To assess the biological functions associated with the proteins characterised in our MSP we used Ingenuity software to highlight the top level functions and compared these to both Bliss and PaxDB (Fig. 4d). Whilst similar functions are highlighted by Ingenuity pathway analysis for the three largest proteomes, our proteome contains more proteins which can be assigned to top level biological functions (MSP = 45.7%, Bliss = 20.4% and PaxDB = 16.4%). MSP contains: 105 protein hits for hair and skin development and function compared to 37 in Bliss and 57 in PaxDB and; 204 hits for dermatological diseases and conditions compared to 96 in Bliss and 127 in PaxDB, if we focus on the skin specific functions. Thirty seven percent of the top level biological functions including: Cell Cycle; Cell Death and; Survival and Molecular Transport contain no protein hits in either Bliss or PaxDB compared to MSP which had protein hits in all categories. This shows that our MSP offers a more encompassing description of functionality than any other available proteome, offering a more complete profile of protein function. In addition we investigated the Skin diseases pathway in more detail (Fig. 5), this analysis indicates that the MSP contains far more gene hits in the extracellular space than either PaxDB or Bliss (MSP = 60, PaxDB = 26, Bliss = 18 proteins) again indicating that MS analysis alone will lead to incomplete proteomic analysis (Supplementary Fig. 2).

Figure 5
figure 5

Ingenuity Skin Disease Network of MSP: A detailed breakdown of the gene hits in the skin disease pathways, their associations with each other and subcellular location. The skin diseases included in these pathways are: psoriasis, chronic psoriasis, exanthem of skin, plaque psoriasis, Acne, Dermatitis, advanced stage atopic dermatitis, atopic dermatitis, Netherton syndrome, acne vulgaris, nodular melanoma, keratosis, infection of skin, superficial spreading melanoma, basal-cell carcinoma, hidradenitis suppurativa, senile lentigo, psoriasiform dermatitis, acral lentiginous melanoma cancer, dermatofibroma, seborrheic keratosis. This figure highlights that MSP contains more network connections than the other proteomes assessed (PaxDB and Bliss data in full–Supplementary Fig. 2).

Disscussion

We have developed a novel approach for defining biological system’s proteomes (www.manchesterproteome.manchester.ac.uk) using a systematic literature-styled review and then applied this method to define the human skin proteome. The MSP is larger than any single MS study and the skin-enriched proteins listed on HPA. Whilst PaxDB does contain more entries in its skin proteome than our database some of these studies include data from cell culture/bodily fluids, which were excluded from our healthy human skin proteome4,25. An additional issue with the data from PaxDB is the inability to be able to access the primary sources and therefore any data on experimental protocol or sample preparation.
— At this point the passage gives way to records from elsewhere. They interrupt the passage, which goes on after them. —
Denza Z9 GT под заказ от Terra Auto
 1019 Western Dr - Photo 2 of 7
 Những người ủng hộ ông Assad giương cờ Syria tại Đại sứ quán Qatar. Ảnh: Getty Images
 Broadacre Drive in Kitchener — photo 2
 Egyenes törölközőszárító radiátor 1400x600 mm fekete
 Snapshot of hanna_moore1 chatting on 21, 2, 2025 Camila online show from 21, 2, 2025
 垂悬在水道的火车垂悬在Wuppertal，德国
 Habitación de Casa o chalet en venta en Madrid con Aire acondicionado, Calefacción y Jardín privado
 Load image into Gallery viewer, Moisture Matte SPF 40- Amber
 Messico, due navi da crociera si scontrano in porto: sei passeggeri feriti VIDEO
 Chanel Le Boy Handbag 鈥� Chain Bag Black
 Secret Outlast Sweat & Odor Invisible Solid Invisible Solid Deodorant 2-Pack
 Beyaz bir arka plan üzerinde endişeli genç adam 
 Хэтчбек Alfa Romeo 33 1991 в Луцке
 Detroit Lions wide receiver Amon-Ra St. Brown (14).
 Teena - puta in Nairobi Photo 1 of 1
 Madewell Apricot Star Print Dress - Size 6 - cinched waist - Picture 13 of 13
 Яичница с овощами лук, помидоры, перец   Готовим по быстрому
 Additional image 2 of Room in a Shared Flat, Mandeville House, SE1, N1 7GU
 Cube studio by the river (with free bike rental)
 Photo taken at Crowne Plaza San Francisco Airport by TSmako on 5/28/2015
The majority of the data from PaxDB has been collated from ProteomicsDB26, again whilst this is an excellent tool for the collation of MS studies to provide data on the entire human proteome, pulling out the more specific data on tissue/organ specific proteomes is very difficult. HPA doesn’t claim to be a proteomics database, but we have used it as a comparison tool as it is one of the largest repositories of data on human proteins in skin. HPA primarily uses RNA data which is sometimes validated at the protein level; however there is no way of easily establishing which entries are validated by IHC. Some of the entries which are validated using IHC use diseased tissue and some also contradictory annotations on whether the protein is detected or not.

Unlike any other proteome or database the MSP identifies 2011 proteins which are dual evidenced using both MS and immune-based techniques, over 80% of which are from multiple studies, giving more confidence of protein presence within the tissue. We have evidenced an additional 437 proteins not present in any of the analysed proteomes or databases; and of these 78% were only evidenced with immune-based techniques, indicating that using MS analysis alone will lead to an incomplete characterisation of the proteome. The ingenuity analysis highlights that our proteome not only contains more hits in all of the top level Kegg pathways, but also contains more hits in the skin specific pathways such as: dermatological diseases and conditions and; hair and skin development and function. This analysis highlights the increased efficacy in our novel methodology by providing a more general description of functionality than any other proteome. A key strength of our methods is the very strict inclusion criteria whereby only healthy human skin was used to evidence protein presence, so any protein from cells, diseased tissue, organ-models or animal tissue were excluded from the search. Here we collate evidence from multiple studies, using multiple samples and techniques which help to reduce false positive results from study and/or sample size bias.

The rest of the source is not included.